In addition, the political uncertainty in a number of countries leading up to an election has introduced a host of new challenges for social studies and civics teachers, who are already trying to navigate a polarized political climate.

As we wrestle to address both the scope and scale of these problems, it calls into question just how well are our young learners equipped to contribute to collective well-being and a sustainable world?

It is extremely timely then that the OECD Programme for International Student Assessment (PISA) has recently released a further volume of the results of the PISA 2018 survey, titled Are Students Ready to Thrive in an Interconnected World?

The volume explores students’ outcomes on the cognitive test and corresponding questionnaire in addition to their experiences of global and intercultural learning at school and beyond.

The survey questions explored students’ ability to…

  • examine issues of local, global and cultural significance;
  • understand and appreciate the perspectives and world-views of others;
  • engage in open, appropriate and effective interactions across cultures; and
  • take action for collective well-being and sustainable development.

This report comes at an important time as we are revising the curriculum for schools here in New Zealand. For more than a decade we have worked within a competency-based curriculum framework, providing scope and opportunity to address the very capabilities highlighted in the OECD report. This puts us at a significant advantage over many countries where the focus of what is taught in schools remains closely tied to tests for literacy and numeracy and examination of content knowledge recall. Despite this, however, NZ appears to score rather low in many of the areas reported on by the OECD.

This leads me to ponder why? Could it be that, despite the curriculum framework being what it is, the focus of activity on the ground fails to fully address that? Could it be that we haven’t really understood the significance of these competencies for the future lives or our young learners? Or could it be that our approach focuses purely on teaching about global issues and doesn’t extend into exploring the implications for changes in attitude or behaviour as a result? I’m sure we could find evidence of each of these things in various pockets in our current system.

In my view, it’s a matter of belief. If we believe strongly enough (as individual teachers and as a system) that the development of global competence is critical for our learners, then we’d see much more happening in our schools and kura that builds this capability.

In a previous blog I used a quote from the Asia Society that I’ll repeat here because its significance for us as educators – and as parents, and society at large – remains:

A new generation of students requires different skills from the generations that came before. The world is changing fast. Boundaries—literal as well as figurative— are shifting and even disappearing altogether. The culture that once lived halfway around the world now lives just down the block. The ability to thrive in this new and rapidly changing environment is grounded in a globally focused curriculum.

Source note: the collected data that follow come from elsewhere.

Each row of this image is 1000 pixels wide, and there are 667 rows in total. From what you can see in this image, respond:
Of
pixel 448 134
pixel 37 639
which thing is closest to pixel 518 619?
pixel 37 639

Taken from: Asia Society: Five reasons why global competency matters

The imperative is here now – and we must take the challenge seriously.

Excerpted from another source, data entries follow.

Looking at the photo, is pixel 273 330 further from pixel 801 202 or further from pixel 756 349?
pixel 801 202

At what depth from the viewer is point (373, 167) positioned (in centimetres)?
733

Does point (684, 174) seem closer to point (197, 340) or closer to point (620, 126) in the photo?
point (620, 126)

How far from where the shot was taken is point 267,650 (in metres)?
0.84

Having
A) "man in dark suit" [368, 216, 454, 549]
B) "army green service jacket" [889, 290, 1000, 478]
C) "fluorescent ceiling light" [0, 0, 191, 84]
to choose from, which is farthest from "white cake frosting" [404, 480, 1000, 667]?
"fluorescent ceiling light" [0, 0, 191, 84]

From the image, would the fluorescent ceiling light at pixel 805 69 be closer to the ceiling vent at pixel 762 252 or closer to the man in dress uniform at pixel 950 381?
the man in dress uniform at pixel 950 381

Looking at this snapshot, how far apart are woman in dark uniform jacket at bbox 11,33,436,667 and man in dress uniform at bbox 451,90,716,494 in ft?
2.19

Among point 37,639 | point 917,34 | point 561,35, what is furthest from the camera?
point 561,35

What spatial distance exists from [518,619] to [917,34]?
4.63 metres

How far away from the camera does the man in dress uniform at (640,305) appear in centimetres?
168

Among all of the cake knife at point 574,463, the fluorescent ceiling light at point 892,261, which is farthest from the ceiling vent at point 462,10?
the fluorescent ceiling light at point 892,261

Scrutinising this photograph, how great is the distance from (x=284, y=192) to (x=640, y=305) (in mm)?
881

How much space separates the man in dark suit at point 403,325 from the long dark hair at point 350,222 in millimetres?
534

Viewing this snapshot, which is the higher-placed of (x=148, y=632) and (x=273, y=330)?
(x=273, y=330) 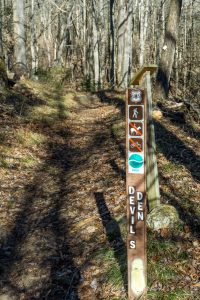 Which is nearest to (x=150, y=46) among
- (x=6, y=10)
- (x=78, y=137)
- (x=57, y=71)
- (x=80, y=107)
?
(x=6, y=10)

In a recent webinar explanation of the PISA report that I participated in, Andraes Schleicher identified the following predictors of performance on the global competencies:

  • Attitudes
  • Awareness of global issues
  • The impact and influence of parents
  • Cognitive adaptability
  • Understanding of the perspectives of others

It seems to me that we’d do well to consider just how we might incorporate an emphasis on these things in our curriculum and learning design. All of these things are already fundamentally a part of the NZ Competency-based curriculum approach!

A few of my notes from what Andreas said may help with addition focus…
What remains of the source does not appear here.